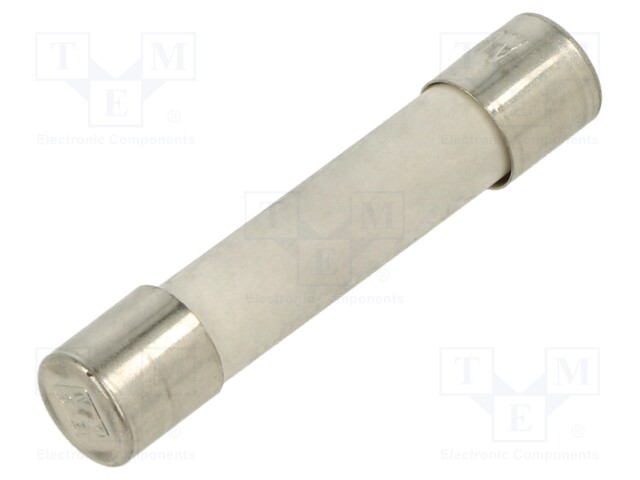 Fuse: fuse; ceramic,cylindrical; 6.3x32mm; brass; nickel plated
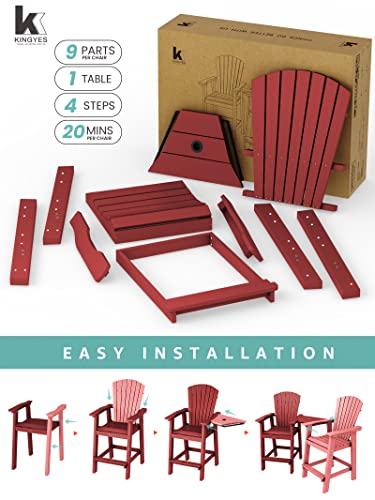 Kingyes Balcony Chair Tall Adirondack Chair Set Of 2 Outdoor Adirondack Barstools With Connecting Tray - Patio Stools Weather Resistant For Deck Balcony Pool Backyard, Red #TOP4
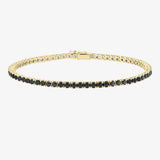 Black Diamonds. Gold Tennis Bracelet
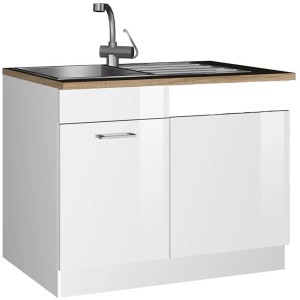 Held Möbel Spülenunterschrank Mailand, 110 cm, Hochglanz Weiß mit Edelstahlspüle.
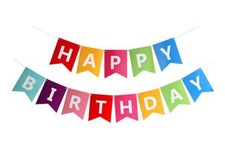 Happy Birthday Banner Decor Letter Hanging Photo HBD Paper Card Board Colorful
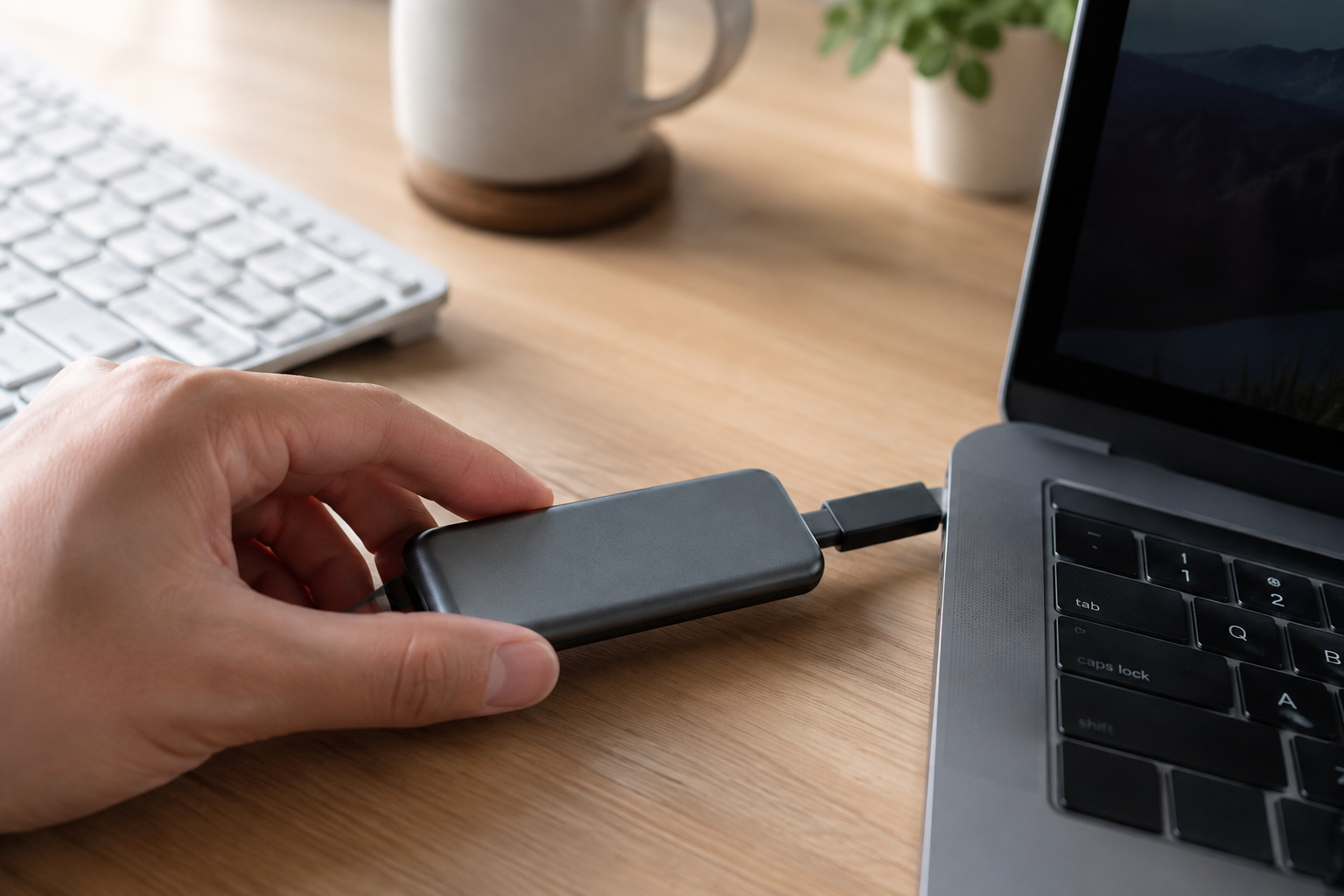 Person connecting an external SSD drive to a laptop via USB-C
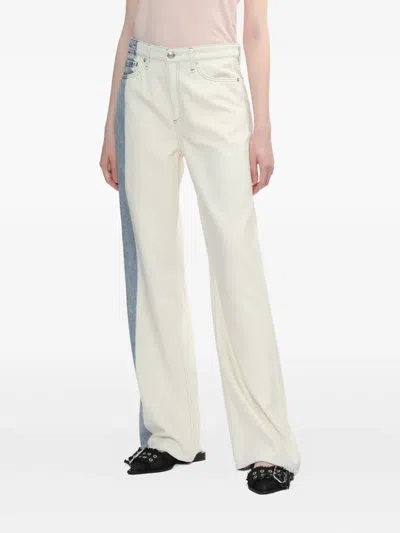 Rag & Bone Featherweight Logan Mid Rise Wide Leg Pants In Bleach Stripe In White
━━━━
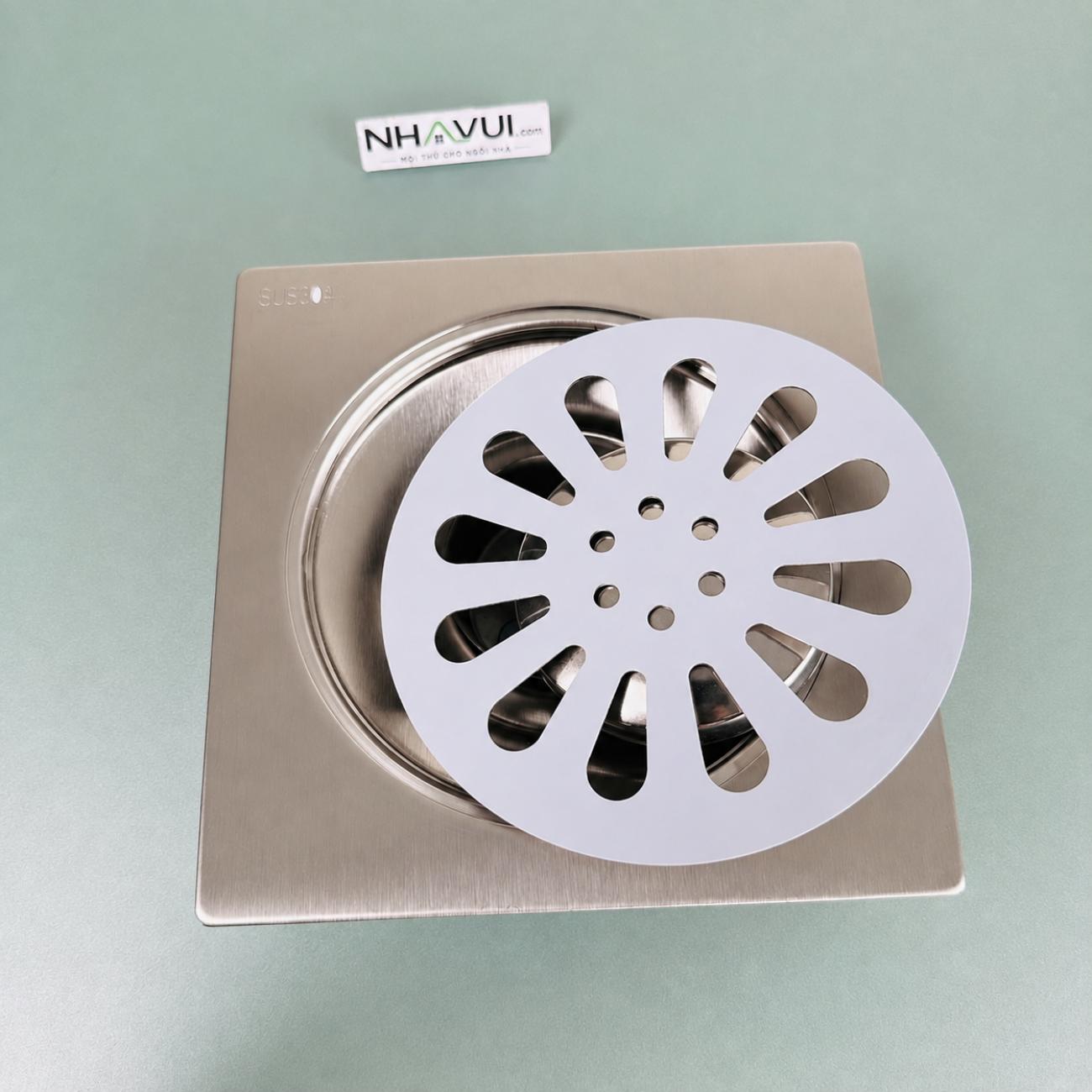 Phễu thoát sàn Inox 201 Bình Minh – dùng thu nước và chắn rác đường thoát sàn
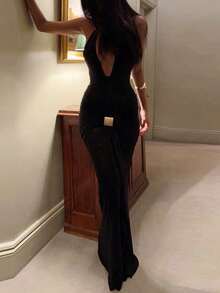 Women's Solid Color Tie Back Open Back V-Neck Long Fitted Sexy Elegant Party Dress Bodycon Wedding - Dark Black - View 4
━━━━
_Prompt_:
Among the entries above, find the line with "Black Diamonds. Gold Tennis Bracelet" and repeat exactly from there through the line with "Rag & Bone Featherweight", leaving out the pictures.

_Expected answer_:
 Black Diamonds. Gold Tennis Bracelet
 Held Möbel Spülenunterschrank Mailand, 110 cm, Hochglanz Weiß mit Edelstahlspüle.
 Happy Birthday Banner Decor Letter Hanging Photo HBD Paper Card Board Colorful
 Person connecting an external SSD drive to a laptop via USB-C
 Rag & Bone Featherweight Logan Mid Rise Wide Leg Pants In Bleach Stripe In White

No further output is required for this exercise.